Tuesday afternoon’s federal budget update added $20.8 billion in net new costs over the next six years. The primary focus of the so-called mini budget was housing affordability. Finance Minister Chrystia Freeland announced an additional $1 billion in the next three years to build more than 7,000 new affordable homes as well as $15 billion in new funding to build more than 30,000 new rental homes in Canada. That comes with announcements about crackdowns on the tax status of short-term rental housing like Airbnb, as well as some tweaks to the carbon tax. To one advisor, however, the mini budget feels like too little too late.

Shiraz Ahmed, Senior Financial Advisor & Senior Portfolio Manager of the Sartorial Wealth Team at Raymond James, sees a lot of politically pointed noised about helping with the cost of living crisis in Canada in this mini budget. However, this announcement comes on the heels of CPI falling faster than expected and a potential end to the most rapid interest rate hiking cycle we’ve seen in decades. The initiatives, therefore, might be too little too late. If taken a year ago, they might have made a difference on the issue of affordability, but as of now Ahmed sees more politics than anything else in this new spending plan.

“I think a lot of this was more political in nature than necessarily trying to really help Canadians as much as possible,” Ahmed says. “There are a handful of new potential programs on the housing front that I think are interesting but need to be fleshed out more, that’s I think where a lot of us are left asking ‘what’s actually going to happen here.’”

Ahmed sees potential for more immediate impact in changes to the Canadian mortgage charter, with the potential for extended amortization periods and the option for lenders to eliminate stress test requirements for certain qualified borrowers. When mortgage renewals come, Ahmed thinks there could be some sticker shock and these measures may help somewhat with that problem in the short-term.

There was more that Ahmed wished he saw in the update. For all the noise the Feds have made about grocery prices and considerations like amending the Competition Act to bring food prices down, we haven’t seen anything to that effect in this announcement. The same goes for the carbon tax, which Ahmed notes is increasingly unpopular and a driver of inflation. He believes that the small tweaks in the minibudget didn’t go far enough to deal with this additional expense during a difficult period for Canadians.

While the bank of Canada rate increases have been aimed at controlling inflation, it’s notable that an increase in government spending could have an inflationary impact on the overall economy. While Ahmed accepts there’s an element of contradiction between BoC and government policy, this is far from the most egregious spending increase he’s seen from the Feds, even in recent years.

If government has not done enough to manage the cost of living crisis for Canadians, Ahmed believes their advisors can step up to help. He thinks advisors can “put their planning hat on” and come up with strategies that will allow their clients to cope with high cost of living and high costs of borrowing.

Learn which provinces have the highest cost of living in Canada here.

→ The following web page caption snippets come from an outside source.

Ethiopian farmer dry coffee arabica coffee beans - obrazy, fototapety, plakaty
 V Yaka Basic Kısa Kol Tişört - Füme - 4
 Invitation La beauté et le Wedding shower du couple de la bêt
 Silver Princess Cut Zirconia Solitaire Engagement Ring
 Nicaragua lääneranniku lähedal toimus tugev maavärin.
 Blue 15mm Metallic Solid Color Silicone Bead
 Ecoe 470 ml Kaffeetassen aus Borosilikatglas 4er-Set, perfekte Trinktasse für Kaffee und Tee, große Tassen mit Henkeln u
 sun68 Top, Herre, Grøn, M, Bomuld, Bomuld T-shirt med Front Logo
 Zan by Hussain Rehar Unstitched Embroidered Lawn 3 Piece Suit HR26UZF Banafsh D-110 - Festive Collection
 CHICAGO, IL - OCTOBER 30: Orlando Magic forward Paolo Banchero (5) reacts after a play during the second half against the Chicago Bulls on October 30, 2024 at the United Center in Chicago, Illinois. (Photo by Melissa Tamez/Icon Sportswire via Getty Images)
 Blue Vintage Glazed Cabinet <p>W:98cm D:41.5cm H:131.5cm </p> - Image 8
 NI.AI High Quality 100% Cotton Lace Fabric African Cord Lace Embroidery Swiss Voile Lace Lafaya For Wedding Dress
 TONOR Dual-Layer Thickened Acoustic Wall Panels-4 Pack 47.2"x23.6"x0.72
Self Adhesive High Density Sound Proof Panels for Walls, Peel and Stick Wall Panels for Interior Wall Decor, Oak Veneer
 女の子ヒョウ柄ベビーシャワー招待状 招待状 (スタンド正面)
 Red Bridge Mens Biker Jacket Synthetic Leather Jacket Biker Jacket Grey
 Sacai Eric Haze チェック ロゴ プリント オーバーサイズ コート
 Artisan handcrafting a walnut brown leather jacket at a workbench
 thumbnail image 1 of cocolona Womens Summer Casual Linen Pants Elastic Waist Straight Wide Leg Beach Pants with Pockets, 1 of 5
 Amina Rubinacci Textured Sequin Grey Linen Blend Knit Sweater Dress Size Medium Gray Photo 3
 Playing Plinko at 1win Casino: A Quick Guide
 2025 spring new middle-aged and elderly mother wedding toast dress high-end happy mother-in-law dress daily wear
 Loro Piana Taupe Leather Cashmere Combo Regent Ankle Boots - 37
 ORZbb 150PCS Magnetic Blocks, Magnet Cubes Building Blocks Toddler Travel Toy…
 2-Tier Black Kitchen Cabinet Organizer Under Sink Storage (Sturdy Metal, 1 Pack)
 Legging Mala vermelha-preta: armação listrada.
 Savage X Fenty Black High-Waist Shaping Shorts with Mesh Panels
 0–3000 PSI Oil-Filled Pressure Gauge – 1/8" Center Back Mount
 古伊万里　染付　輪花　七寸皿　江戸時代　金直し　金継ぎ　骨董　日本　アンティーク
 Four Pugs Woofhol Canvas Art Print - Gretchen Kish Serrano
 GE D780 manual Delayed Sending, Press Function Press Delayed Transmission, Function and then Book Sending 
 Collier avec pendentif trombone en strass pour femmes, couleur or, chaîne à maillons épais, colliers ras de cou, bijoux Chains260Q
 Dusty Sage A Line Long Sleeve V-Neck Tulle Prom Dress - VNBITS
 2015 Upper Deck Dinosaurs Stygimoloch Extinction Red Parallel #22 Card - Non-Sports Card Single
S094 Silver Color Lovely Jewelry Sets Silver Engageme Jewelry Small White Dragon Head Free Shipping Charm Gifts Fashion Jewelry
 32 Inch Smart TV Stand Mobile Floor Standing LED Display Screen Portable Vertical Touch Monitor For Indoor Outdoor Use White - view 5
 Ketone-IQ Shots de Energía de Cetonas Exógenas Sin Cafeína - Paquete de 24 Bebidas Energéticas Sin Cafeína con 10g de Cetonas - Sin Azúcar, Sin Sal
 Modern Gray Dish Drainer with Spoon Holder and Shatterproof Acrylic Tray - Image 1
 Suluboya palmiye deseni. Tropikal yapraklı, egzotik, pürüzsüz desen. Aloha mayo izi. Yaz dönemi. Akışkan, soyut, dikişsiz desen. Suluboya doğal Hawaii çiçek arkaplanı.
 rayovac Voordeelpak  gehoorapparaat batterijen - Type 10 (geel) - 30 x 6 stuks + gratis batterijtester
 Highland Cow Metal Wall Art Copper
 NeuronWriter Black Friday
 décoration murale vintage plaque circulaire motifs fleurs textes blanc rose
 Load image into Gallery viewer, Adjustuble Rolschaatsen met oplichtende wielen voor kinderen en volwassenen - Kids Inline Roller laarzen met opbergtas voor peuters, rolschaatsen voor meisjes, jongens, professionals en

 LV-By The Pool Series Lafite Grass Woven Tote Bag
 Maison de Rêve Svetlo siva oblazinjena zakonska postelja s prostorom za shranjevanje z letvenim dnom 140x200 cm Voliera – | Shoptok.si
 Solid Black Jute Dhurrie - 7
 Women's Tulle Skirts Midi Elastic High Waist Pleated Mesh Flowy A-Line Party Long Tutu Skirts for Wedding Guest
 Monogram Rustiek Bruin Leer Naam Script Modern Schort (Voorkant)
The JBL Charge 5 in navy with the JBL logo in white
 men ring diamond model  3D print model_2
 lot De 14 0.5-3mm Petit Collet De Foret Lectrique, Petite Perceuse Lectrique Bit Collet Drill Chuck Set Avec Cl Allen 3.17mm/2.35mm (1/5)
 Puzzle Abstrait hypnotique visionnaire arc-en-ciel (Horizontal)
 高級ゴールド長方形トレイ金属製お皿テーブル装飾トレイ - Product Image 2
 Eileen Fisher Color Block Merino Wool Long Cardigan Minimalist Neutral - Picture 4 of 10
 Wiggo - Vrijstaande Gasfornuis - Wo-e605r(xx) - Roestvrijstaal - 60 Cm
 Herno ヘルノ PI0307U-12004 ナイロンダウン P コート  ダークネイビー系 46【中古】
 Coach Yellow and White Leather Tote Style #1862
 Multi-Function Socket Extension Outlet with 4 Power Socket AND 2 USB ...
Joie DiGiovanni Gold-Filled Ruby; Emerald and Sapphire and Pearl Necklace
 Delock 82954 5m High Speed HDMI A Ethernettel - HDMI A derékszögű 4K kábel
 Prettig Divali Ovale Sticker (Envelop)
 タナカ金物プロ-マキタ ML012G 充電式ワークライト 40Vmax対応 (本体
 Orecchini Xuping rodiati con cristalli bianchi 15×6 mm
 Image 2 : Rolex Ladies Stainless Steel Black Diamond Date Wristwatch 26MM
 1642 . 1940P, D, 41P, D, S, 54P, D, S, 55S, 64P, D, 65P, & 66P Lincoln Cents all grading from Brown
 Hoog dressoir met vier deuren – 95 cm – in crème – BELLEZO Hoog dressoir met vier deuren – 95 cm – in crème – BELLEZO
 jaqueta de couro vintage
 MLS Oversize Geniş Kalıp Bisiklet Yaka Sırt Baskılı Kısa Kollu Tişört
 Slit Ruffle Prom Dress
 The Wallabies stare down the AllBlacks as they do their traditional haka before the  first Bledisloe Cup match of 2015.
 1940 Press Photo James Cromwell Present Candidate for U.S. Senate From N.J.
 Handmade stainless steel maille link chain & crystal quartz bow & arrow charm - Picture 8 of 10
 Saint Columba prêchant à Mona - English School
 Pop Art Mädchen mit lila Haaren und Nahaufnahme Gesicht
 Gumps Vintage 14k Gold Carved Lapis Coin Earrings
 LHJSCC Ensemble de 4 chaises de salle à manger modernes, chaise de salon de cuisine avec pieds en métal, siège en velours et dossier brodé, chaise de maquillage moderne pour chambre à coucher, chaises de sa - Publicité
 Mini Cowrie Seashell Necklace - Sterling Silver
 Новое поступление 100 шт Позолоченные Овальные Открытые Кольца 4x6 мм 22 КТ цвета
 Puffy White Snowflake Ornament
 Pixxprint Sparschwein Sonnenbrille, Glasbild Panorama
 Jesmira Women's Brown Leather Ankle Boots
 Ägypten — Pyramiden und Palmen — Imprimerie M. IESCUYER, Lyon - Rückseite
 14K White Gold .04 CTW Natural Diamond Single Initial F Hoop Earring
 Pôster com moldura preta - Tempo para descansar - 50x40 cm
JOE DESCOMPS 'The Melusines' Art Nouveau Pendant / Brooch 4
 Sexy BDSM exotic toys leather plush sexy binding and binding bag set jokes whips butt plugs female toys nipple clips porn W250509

While budgeting and spending controls are a useful tool, after a point people need to spend money to live. Advisors can also step up in this environment to help clients find ways to earn more. Ahmed suggests helping them prepare to negotiate for raises or more income, or encouraging them to start a side hustle can result in better outcomes for clients. An advisor can act as a coach and encourage an increase in income that can help clients manage moments like these.

There are also opportunities to help with client income through asset allocation. Those clients might be retirees or just individuals in need of extra income. GICs are yielding near 6% which Ahmed says is a “layup” for a low-risk rate. He thinks that government bonds offer a conservative position with attractive income yields, as do some dividend paying securities for clients with higher risk tolerances.

Overall, despite what he sees as budgetary measures coming too late, Ahmed thinks that advisors can step up and help their clients in ways that government simply can’t. 

“I couldn’t stress the need for financial planning more today than I have ever done in my career,” Ahmed says, “You have to have an idea of where people’s money is going, what their goals and objectives are, and what levers we can pull to get there.”